I have not noticed the LED's going up to the red, but is it possible it is clipping without showing them?


----------



## Wayne A. Pflughaupt (Apr 13, 2006)

No, the BFD won't clip unless the meters hit the red. However, it could be that your sub's amplifier is clipping, or that the driver is hitting its limits (bottoming out). You have to keep in mind that equalizing places additional demands on both the driver and amplifier, so you have to have ample headroom going in.

Regards,
Wayne


----------



## tyler durden (Jan 6, 2009)

Thanks for the reply.

If the driver (AE AV15-X) or amp (Behringer EP2500) were reaching their limits, why do I not hear the sound when playing at higher volumes without the BFD in the system?


----------



## Wayne A. Pflughaupt (Apr 13, 2006)

tyler durden said:


> If the driver (AE AV15-X) or amp (Behringer EP2500) were reaching their limits, why do I not hear the sound when playing at higher volumes without the BFD in the system?


Answered in prevous post:





Wayne A. Pflughaupt said:


> You have to keep in mind that equalizing places additional demands on both the driver and amplifier, so you have to have ample headroom going in.

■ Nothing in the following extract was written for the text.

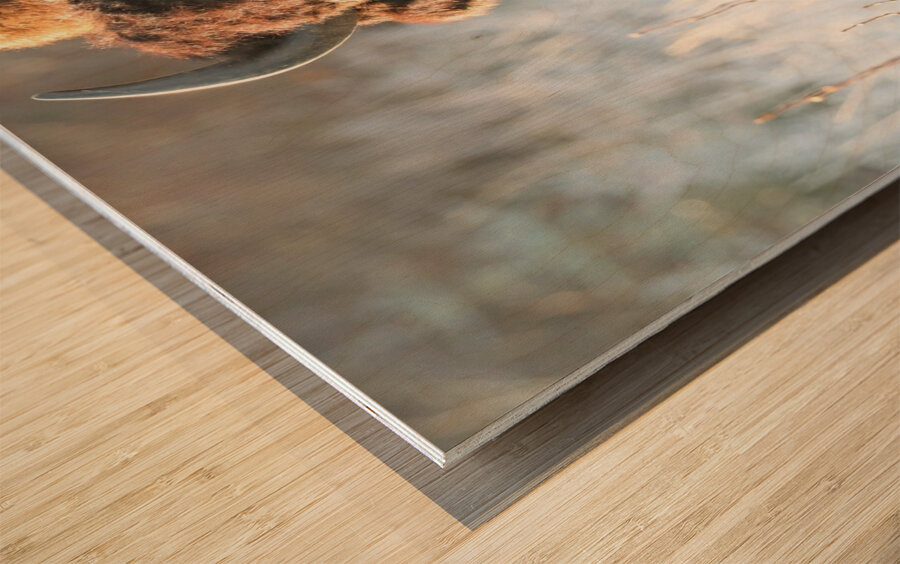 Wood Bison in Morning Frost Wood print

IOW, if you take the BFD out of the system, you remove the equalization. Therefore you now have additional headroom.

Regards,
Wayne


----------



## tyler durden (Jan 6, 2009)

Okay, I think I understand now, but the driver moves a lot more when playing at the high volumes without the BFD, so I assume it isn't bottoming out when the BFD is in place.

I'll check the amp, but I would have assumed that as it is running in bridged mode and giving 2400w of power, that it would be unlikely to be running out of steam!


----------



## Wayne A. Pflughaupt (Apr 13, 2006)

Actually, that might be part of the problem. It's fairly well known that running an amplifier bridged into its minimum-rated load is the most strenuous and demanding of conditions that you can place on it. 

It's pretty easy to tell when a driver reaches its limits. The VC bottoms out an you hear all kinds of rude popping and/or clunking noises. The amp is a bit trickier. If you aren't seeing (or rather hearing) an indication that the driver is maxed out, try turning the volume down a bit; if the unpleasant noises you're hearing go away, then it's probably the amp that's giving you problems.

Regards,
Wayne


----------



## lsiberian (Mar 24, 2009)

The Behringer EP2500 is capable of driving almost any load. The driver or design may be to blame for the issue. If the driver is ported eqing must be done with caution. Or you can bottom out the driver quickly.

Check for air leaks in your sub and use silicone caulk to seal that box and the driver/box join up good. I suspect an air leak may be the cause of your problems.


----------



## tyler durden (Jan 6, 2009)

It's a sealed box at around 80ltrs, and I cannot feel any air leaks.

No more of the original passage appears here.